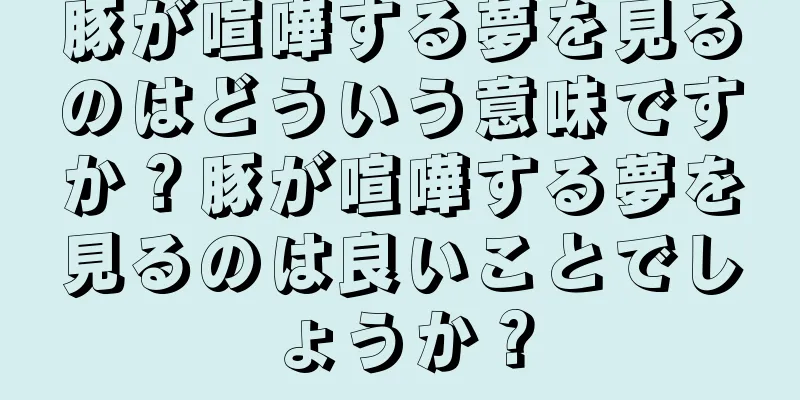 豚が喧嘩する夢を見るのはどういう意味ですか？豚が喧嘩する夢を見るのは良いことでしょうか？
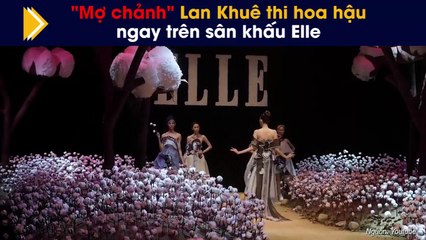 "Mợ chảnh" Lan Khuê thi hoa hậu ngay trên sân khấu Elle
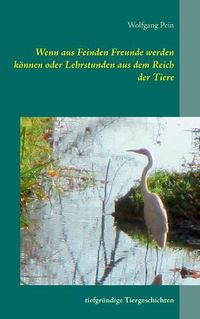 Cover image for Wenn aus Feinden Freunde werden koennen oder Lehrstunden aus dem Reich der Tiere: tiefgrundige Tiergeschichten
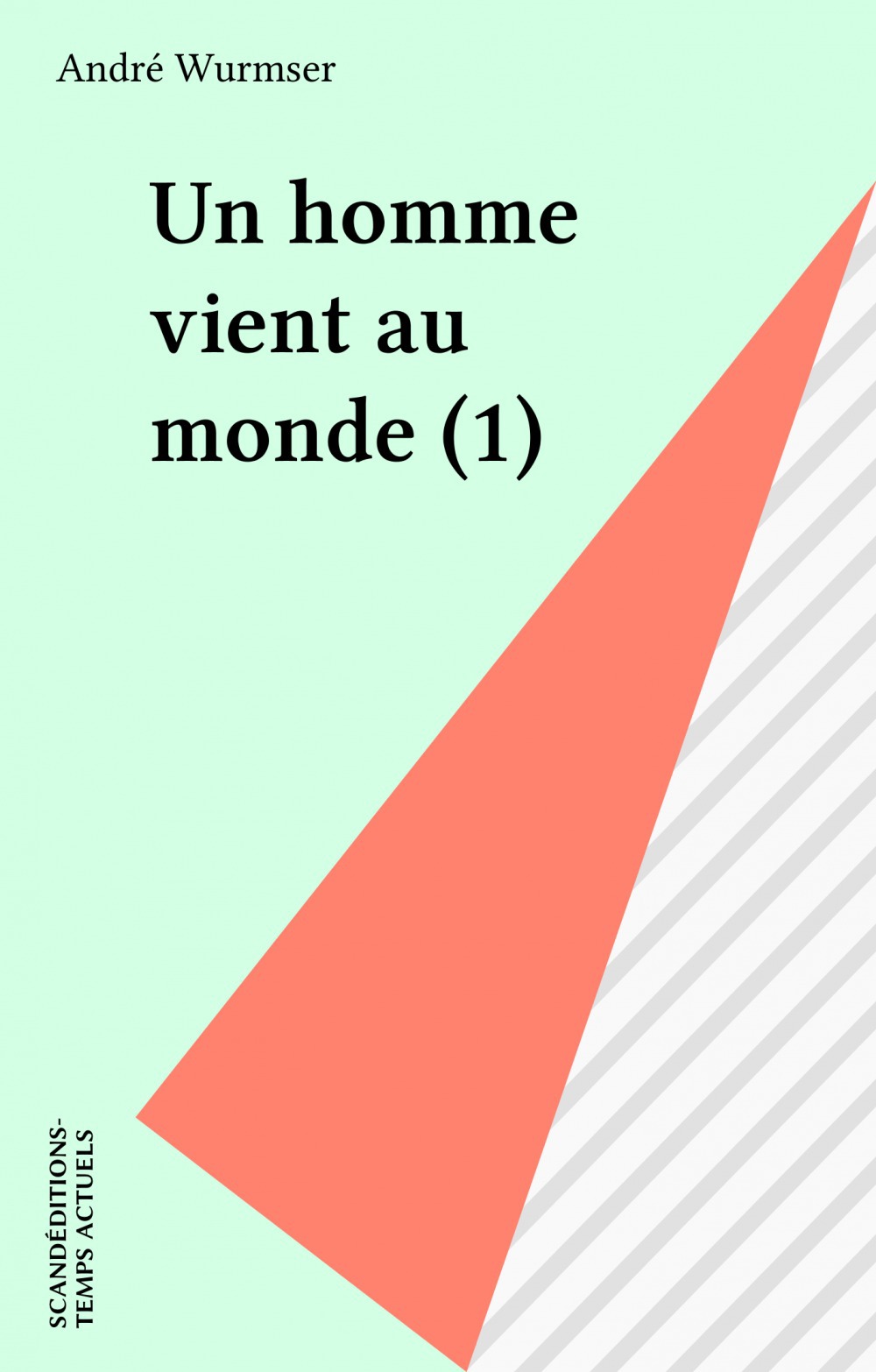 ebook cover of Un homme vient au monde (1), by Andre Wurmser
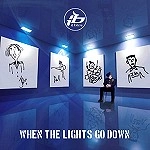 IT BITES / イット・バイツ / WHEN THE LIGHTS GO DOWN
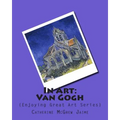 In Art: Van Gogh - Paperback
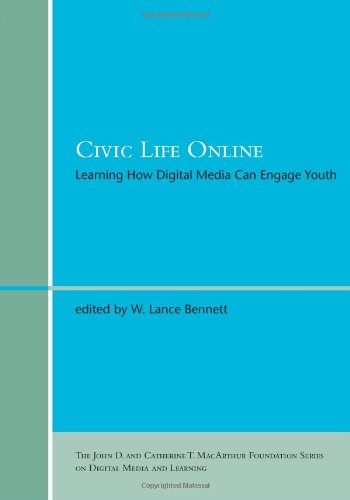 Stock image for Civic Life Online : Learning How Digital Media Can Engage Youth for sale by Better World Books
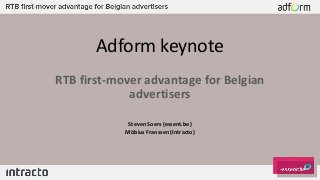 Adform keynote
RTB first-mover advantage for Belgian
advertisers
Steven Soers (essent.be)
Möbius Franssen (Intracto)
 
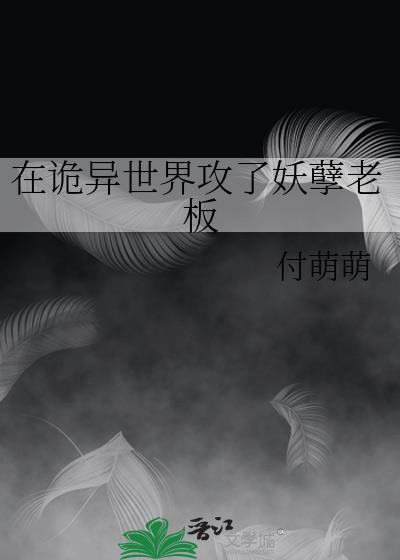 在诡异世界攻了妖孽老板txt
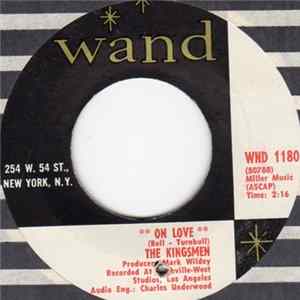 The Kingsmen - On Love / I Guess I Was Dreamin' Mp3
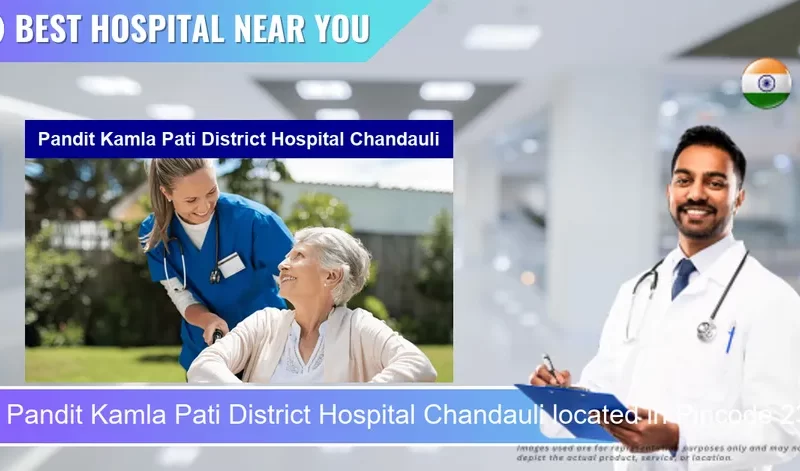 Pandit Kamla Pati District Hospital Chandauli located in Pincode 232104 Chandauli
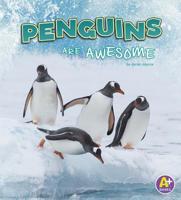 Penguins Are Awesome 1977108156 Book Cover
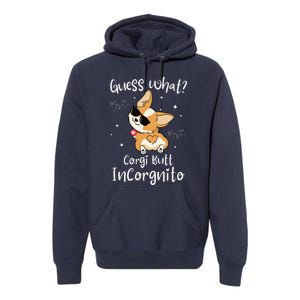 Guess What Corgi Butt Incorgnito Funny Pun Corgi Dog Premium Hoodie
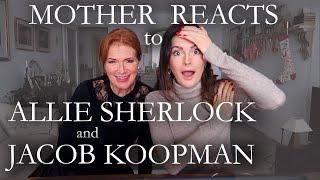 MOTHER REACTS to ALLIE SHERLOCK & JACOB KOOPMAN - SHALLOW |  Reaction Video | Travelling with Mother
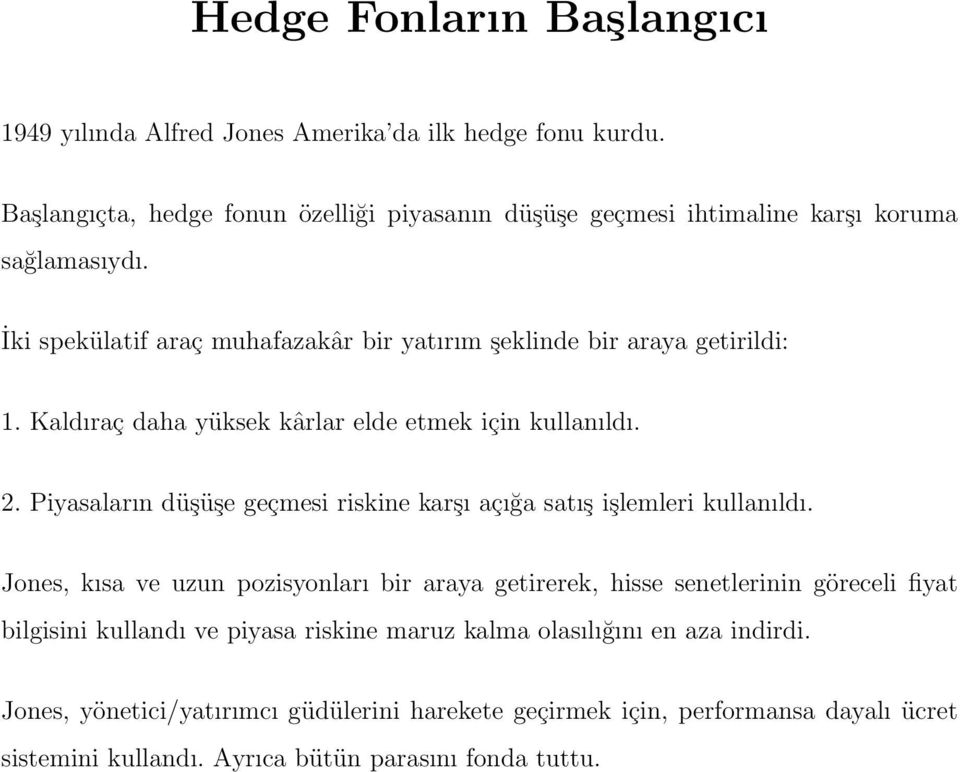 Kaldıraç daha yüksek kârlar elde etmek için kullanıldı. 2. Piyasaların düşüşe geçmesi riskine karşı açığa satış işlemleri kullanıldı.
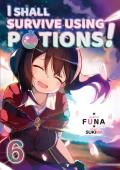 I Shall Survive Using Potions Volume 6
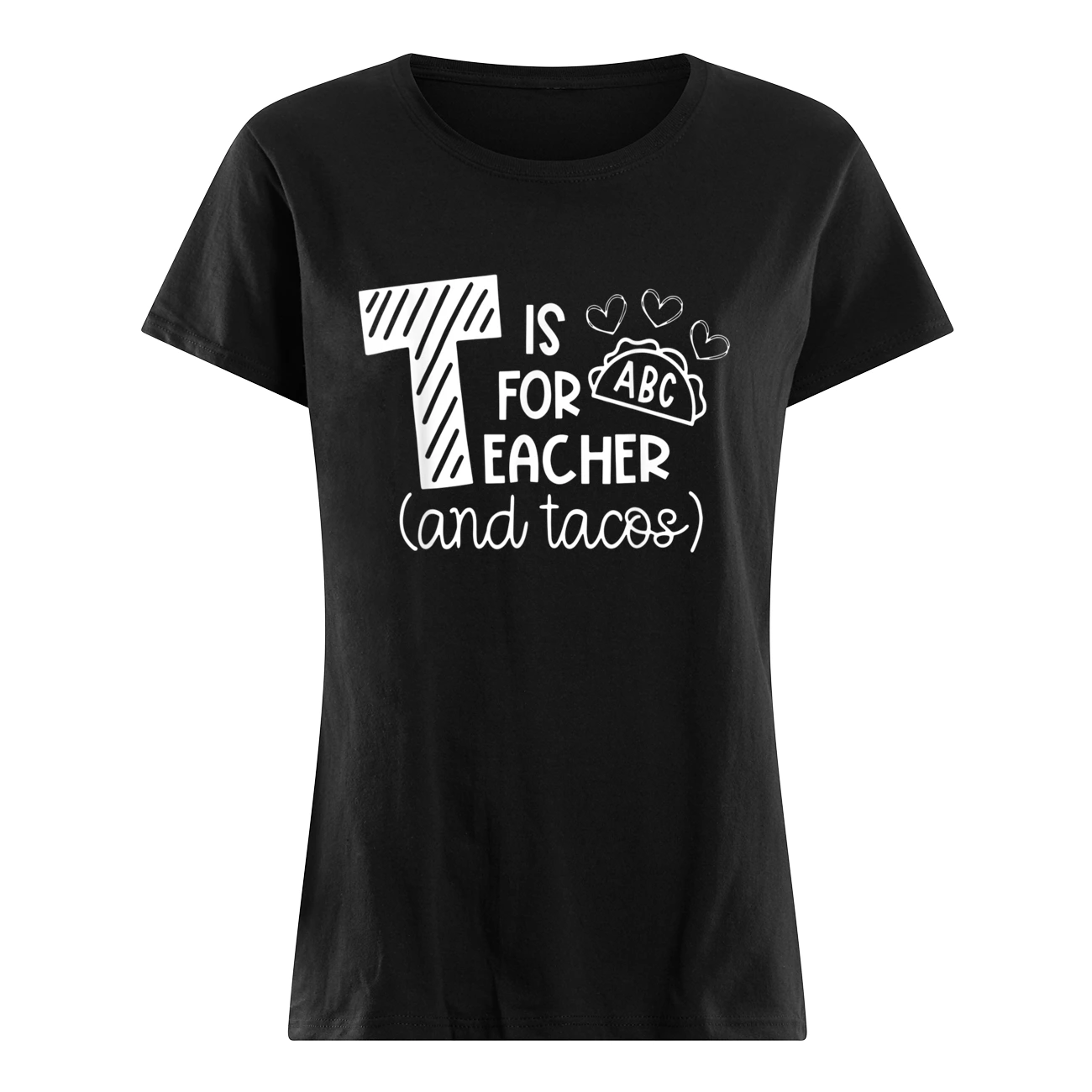T Is For Teacher And Tacos Shirt T Is For Teacher And Tacos Shirt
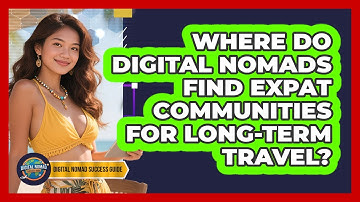 Where Do Digital Nomads Find Expat Communities For Long-term Travel? - Digital Nomad Success Guide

# # # #

* [PROBLEM DESCRIPTION]
The expected result is the data above in exact form, free of pictures.

* [ANSWER TO THE PROBLEM]
 豚が喧嘩する夢を見るのはどういう意味ですか？豚が喧嘩する夢を見るのは良いことでしょうか？
 "Mợ chảnh" Lan Khuê thi hoa hậu ngay trên sân khấu Elle
 Cover image for Wenn aus Feinden Freunde werden koennen oder Lehrstunden aus dem Reich der Tiere: tiefgrundige Tiergeschichten
 ebook cover of Un homme vient au monde (1), by Andre Wurmser
 IT BITES / イット・バイツ / WHEN THE LIGHTS GO DOWN
 In Art: Van Gogh - Paperback
 Stock image for Civic Life Online : Learning How Digital Media Can Engage Youth for sale by Better World Books
 Adform keynote
RTB first-mover advantage for Belgian
advertisers
Steven Soers (essent.be)
Möbius Franssen (Intracto)
 
 在诡异世界攻了妖孽老板txt
 The Kingsmen - On Love / I Guess I Was Dreamin' Mp3
 Pandit Kamla Pati District Hospital Chandauli located in Pincode 232104 Chandauli
 Penguins Are Awesome 1977108156 Book Cover
 Guess What Corgi Butt Incorgnito Funny Pun Corgi Dog Premium Hoodie
 MOTHER REACTS to ALLIE SHERLOCK & JACOB KOOPMAN - SHALLOW |  Reaction Video | Travelling with Mother
 Kaldıraç daha yüksek kârlar elde etmek için kullanıldı. 2. Piyasaların düşüşe geçmesi riskine karşı açığa satış işlemleri kullanıldı.
 I Shall Survive Using Potions Volume 6
T Is For Teacher And Tacos Shirt T Is For Teacher And Tacos Shirt
 Where Do Digital Nomads Find Expat Communities For Long-term Travel? - Digital Nomad Success Guide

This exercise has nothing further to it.